Thorn-Jones, from Wythenshawe, said she'd spotted similar items for a sale on an American website and regarded it as a 'business opportunity'. But she did not realise what she was doing was illegal and could land her in jail.
Manchester Crown Court heard that she sold about 20 to 30 of the kits, which she advertised on Instagram, TikTok and YouTube alongside other items on her website including press-on fingernails, eyelashes and tarot readings. She made about £300 from selling the kits. Police were alerted to her website and officers arrested her at her home, where they discovered 60 'highly dangerous and noxious' CS gas canisters and 25 knives concealed in keys.
Thorn-Jones said she sourced the items from a website in China and had them delivered in the post, and did not suspect what she was doing was illegal.

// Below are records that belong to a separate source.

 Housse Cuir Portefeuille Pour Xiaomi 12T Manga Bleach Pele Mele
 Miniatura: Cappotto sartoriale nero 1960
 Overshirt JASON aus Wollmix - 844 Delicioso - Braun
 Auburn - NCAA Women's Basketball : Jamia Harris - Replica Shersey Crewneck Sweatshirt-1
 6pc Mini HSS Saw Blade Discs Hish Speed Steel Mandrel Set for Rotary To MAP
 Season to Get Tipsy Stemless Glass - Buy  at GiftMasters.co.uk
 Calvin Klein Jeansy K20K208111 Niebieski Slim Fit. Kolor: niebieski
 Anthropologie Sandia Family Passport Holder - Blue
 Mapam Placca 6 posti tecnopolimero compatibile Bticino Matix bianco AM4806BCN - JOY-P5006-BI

She narrowly avoided jail after facing a prison sentence of up to six years, after a judge said Thorn-Jones had been 'hugely naive' and learned a 'difficult lesson'.

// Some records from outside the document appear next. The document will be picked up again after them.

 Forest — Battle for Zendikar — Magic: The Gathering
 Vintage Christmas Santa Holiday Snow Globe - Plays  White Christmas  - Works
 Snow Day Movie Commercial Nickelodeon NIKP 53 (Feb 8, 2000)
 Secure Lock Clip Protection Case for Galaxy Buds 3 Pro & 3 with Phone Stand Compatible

"You genuinely believed that these kits would protect women," Judge Sarah Johnston told her. "You regret deeply your naivety and foolishness.
"You are yourself troubled by the potential consequences of the sale of these items, and into whose hands they have now fallen." Prosecutors said GMP were alerted to her website in August last year by the Metropolitan Police. Thorn-Jones appeared in a video on her YouTube channel titled 'not so sweet self-defence kit', which was viewed more than 24,000 times.
She said that the items, apart from the CS gas, could be shipped worldwide. Police went to her home in October last year and arrested her.
She told officers that she sold the gas in a bid to help women fend off an attacker. When questioned about the knives, she said she hadn't thought of them being used as a weapon or falling into the wrong hands, prosecutor Gavin Howie said.
The court heard prosecutors are currently unaware who she sold the self-defence kits to, and the judge urged police to investigate so the weapons can be retrieved. Defending, Jeremy Barton said it 'beggars belief' that Thorn-Jones 'could be so naive', and she genuinely believed she wasn't acting illegally.
Mr Barton said she'd donated some of the proceeds of her business to Hands Off, a charity which supports women who have been sexually assaulted. He said Thorn-Jones suffered from depression as a child and underwent counselling.
"She realises how wrong what she has done is, she is remorseful and respectful of the law," Mr Barton said. Judge Johnston told Thorn-Jones: "There is in my judgement a terrible irony, that this business presented a turning point in your life in that it gave you a sense of purpose and achievement, against a background of mental health frailty, anxiety and depression, but has now had the consequences that you are here to be sentenced before me for very serious offences."
Thorn-Jones has not been in trouble with the law before and her crimes were 'wholly out of character', the judge said. She ruled it would be 'arbitrary and disproportionate' to send Thorn-Jones to jail, and instead handed her a two year prison sentence, suspended for 18 months, as well as unpaid work.
"Your intention was to keep women safe, in the absence of any knowledge that these items were illegal," the judge said. Thorn-Jones, of Drake Avenue, Wythenshawe, pleaded guilty to possessing CS gas with intent to sell and possessing bladed articles with intent to sell.